In deferred annuities, the IRS states you must withdraw all of the taxable interest before withdrawing tax-free principal. You can avoid this by converting your fixed-rate, fixed-indexed, or variable deferred annuities into an income annuity. You can also buy an income annuity in the first place.
Income annuities provide guaranteed streams of payments, starting either right away or in the future with a deferred income annuity. Each payment includes both taxable interest and tax-free return on your premium.
The 59 ½ Rule
The 59 ½ rule states that if you withdraw money from your annuity before age 59 ½, you have to pay a 10% tax penalty on your interest earnings as well as the ordinary tax on the amount. However, if you have a disablement at the time of withdrawal, the IRS might be able to waive this penalty.
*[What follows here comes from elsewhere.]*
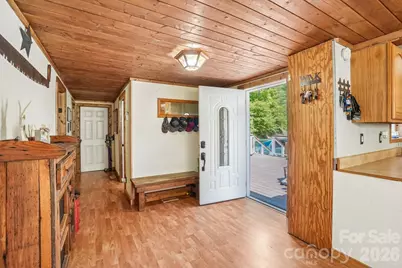 302 Battle Creek Drive, Green Mountain, NC 28740 - Photo 6
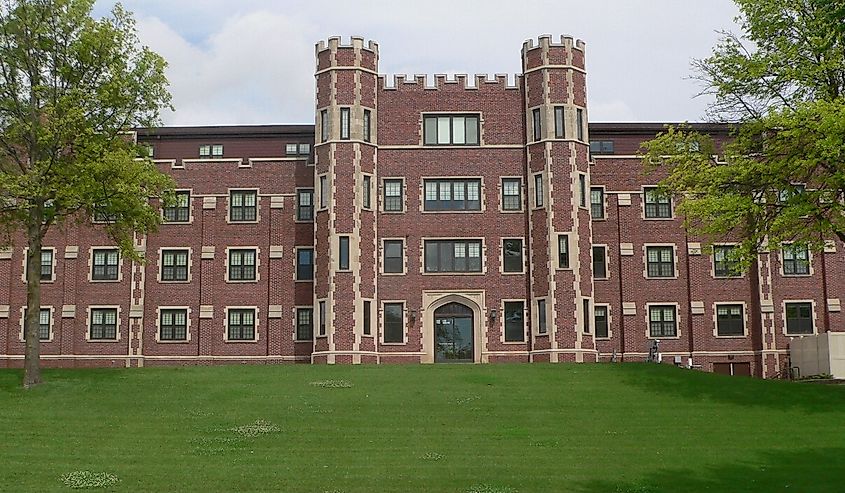 Smith Hall, Doane College, Crete, Nebraska. Image credit Ammodramus via Wikimedia Commons.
Unique Tax Perks for Long-Term Care
Annuity interest used to pay long-term care insurance premiums can typically be withdrawn tax-free, depending on the situation.
Taxes At Death
Upon your death, your spouse can assume tax-free ownership of the annuity if you are married.
You can roll over your IRA, 401(k), or 403(b) or pension plan lump-sum payout into any type of qualified annuity without taxes.
The IRS considers contributions made to a qualified annuity as deductible within IRS limits for retirement plans. This means the same deductibility limits apply to qualified annuities as for any other IRA, 401(k), or 403(b). Premium payments to nonqualified annuities are not deductible.
Qualified Immediate Annuities
Because the funds in a pretax qualified annuity haven’t been taxed, the total amount of payments received each year is considered taxable. These amounts count toward your required minimum distributions (RMDs).
Conclusion – Are Annuities Taxable?
Learning the ins and outs of how annuities are taxed will help prepare you for any other questions that arise while you try to choose the correct annuity for your situation. Having a professional annuity agent guide you through this process is an essential part of choosing an annuity and you should choose your annuity agent based on trust and expertise.
Annuities are not straightforward financial products and as with any large financial decision, especially one affecting your retirement, you should feel confident your decision is based on concrete knowledge and guidance rather than risk. Licensed annuity agents should be able to guide you through any questions you have with detailed information and inviting demeanors. You should never feel rushed while choosing an annuity.